Volume 6, Issue 62 – November 19, 2024
Games of Tuesday November 19 – end-of-season-tourney day one:
Games were postponed from Monday November 18 due to morning rain and wet fields.
10:00 a.m., Orange (20.5 – 31.5, #7 seed) at Green (29-23, #2 seed):
1 2 3 4 5 6 BUFFET FINAL
Orange 3 3 2 3 5 4 2 22
Green 3 3 1 1 5 4 4 21
Pitchers: Orange – Spike Davidson; Green – Tommy Deleon. Mercenaries: Orange – Tony Garcia and Donnie Janac. Umpires: home – Terry Watts; bases – Eddy Murillo and David Brown. Perfect at the plate: Orange – Tony Garcia (4 for 4 with a double); Green – Ralph Villela (5 for 5 with two doubles).
Weather report: After a brisk morning, temperatures in the 50s at sunrise, it was up to 65 degrees (Heat Index also 65) at game time, 44% humidity, 100% blue sky, wind WNW 6 MPH – just splendid.
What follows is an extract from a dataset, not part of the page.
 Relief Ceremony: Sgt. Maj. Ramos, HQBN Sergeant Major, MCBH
Best game of the day saw Orange, the low seed, knock off a powerful Green team. Both teams scored in every at bat, and Orange never led by more than three at the end of any inning. They scored three times in the top of the first on three singles, back-to-back walks drawn by Eddie Ortiz and Peter Atkins, a double to drive in the first run by Larry Fiorentino (returning to action and playing through a balky knee which had him, by his own estimate, playing at about 70% capacity, and moved to second base), and Ray Pilgrim’s sacrifice fly. With two runs in and the bases loaded, Matt Levitt grounded a ball to shortstop Ralph Villela, who threw to third baseman David Pittard for the force there; Eddie, running from third base, thought that was the third out and came to nearly a full stop before his teammates urged him on; David had time to throw home, but his peg pulled catcher Jim McAnelly off the mat and Eddie made it in.
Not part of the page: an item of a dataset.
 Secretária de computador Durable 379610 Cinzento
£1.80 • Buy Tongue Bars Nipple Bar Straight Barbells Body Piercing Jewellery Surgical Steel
Green tied it with three runs in the home half. Ralph Villela and Paul Rubin singled to start the inning. Mike Hill lined out to second baseman Larry Fiorentino (I think; possibly it was Tony Garcia, before he and Larry switched positions), who could have easily doubled up Paul at first, but Ray Pilgrim dropped the soft toss over. David Pittard singled, driving in Ralph. Jack McDermott then drove a ball to deep left-center, over the outfielders, for a two-run triple. Walks to Tommy Deleon and Mike Garrison loaded the bases and put the fourth and fifth runs in scoring position. Trey Wall lined a ball to right-center; Peter Atkins got an excellent jump on it and made a running catch, then fired to second to double up Ralph Villela, running for Tommy, who’d thought the ball would fall in and couldn’t get back in time.
Both teams scored three times again in the second inning, each on four hits. Orange’s first three hits were on catchable fly balls: Tony Garcia led off with a double to right-center that Jack McDermott couldn’t hold on to; Mike Garrison wasn’t able to secure Spike Davidson’s fly to left, Tony scoring (he’d tagged up and advanced to third on Donnie Janac’s fly to Mike); and Jack had trouble with Larry Fiorentino’s drive to right-center, which fell in safe for another double. Both Matt Levitt (running for Spike) and Larry scored on Eddie Ortiz’s clean single to left.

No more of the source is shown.